This Sunday, Sojourn Heights and Sojourn Montrose will together begin a new sermon series on holiness. In reference to God, the word “holiness” speaks to God's unrivaled otherness. He is holy by nature, and He belongs to a category all by Himself. Man, on the other hand, is sinful by nature. Our holiness is only ever a derivative of God’s holiness. In other words, God's holiness comes from within Himself, but our holiness must come from outside of ourselves. God has to give it to us.

Even so, we are mistaken if we think that being "gospel-centered" and "missional" means never discussing moral imperatives or striving after holiness. The good news of the gospel can and should coincide with moral diligence. Among many things, we ought to be known for our consistent, everyday obedience. In Ephesians 4, the Apostle Paul writes:

Now this I say and testify in the Lord, that you must no longer walk as the Gentiles do, in the futility of their minds. They are darkened in their understanding, alienated from the life of God because of the ignorance that is in them, due to their hardness of heart. They have become callous and have given themselves up to sensuality, greedy to practice every kind of impurity. But that is not the way you learned Christ!—assuming that you have heard about him and were taught in him, as the truth is in Jesus, to put off your old self, which belongs to your former manner of life and is corrupt through deceitful desires, and to be renewed in the spirit of your minds, and to put on the new self, created after the likeness of God in true righteousness and holiness.

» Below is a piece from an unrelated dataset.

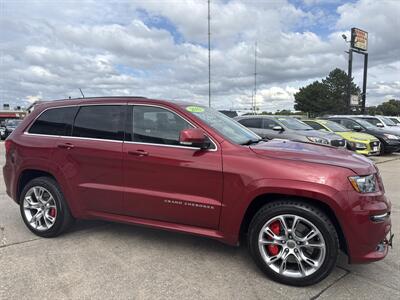 2012 Jeep Grand Cherokee SRT8   - Photo 10 - South Sioux City, NE 68776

For some of us, the call to holiness is a much needed reminder, an essential aspect of the faith that we're prone to neglect. For others, the call to holiness is willingly received yet despairingly borne. Perhaps we feel defeated. Thus, even as we consider holiness and obedience over the next few weeks, we should rest in the holiness Christ. Let me close with this quote from a Porterbrook module, Gospel Change:

The word that God speaks to us in Ephesians 4:24 is an exhilarating and liberating truth: we have been "created after the likeness of God in true righteousness and holiness." What should spur us on to love and good deeds is not a trust in our own capacities, as if by dint of will we can transform ourselves. Rather, we need the creative power of the Holy Spirit at work in us — a creative work that overhauls our hearts, that 'rewires' us so that holiness is in our nature. Thus the truth of Ephesians 4 implies that there is something inevitable about holiness among the people of God. Holiness is not merely a choice we make; it is a destiny we fulfill.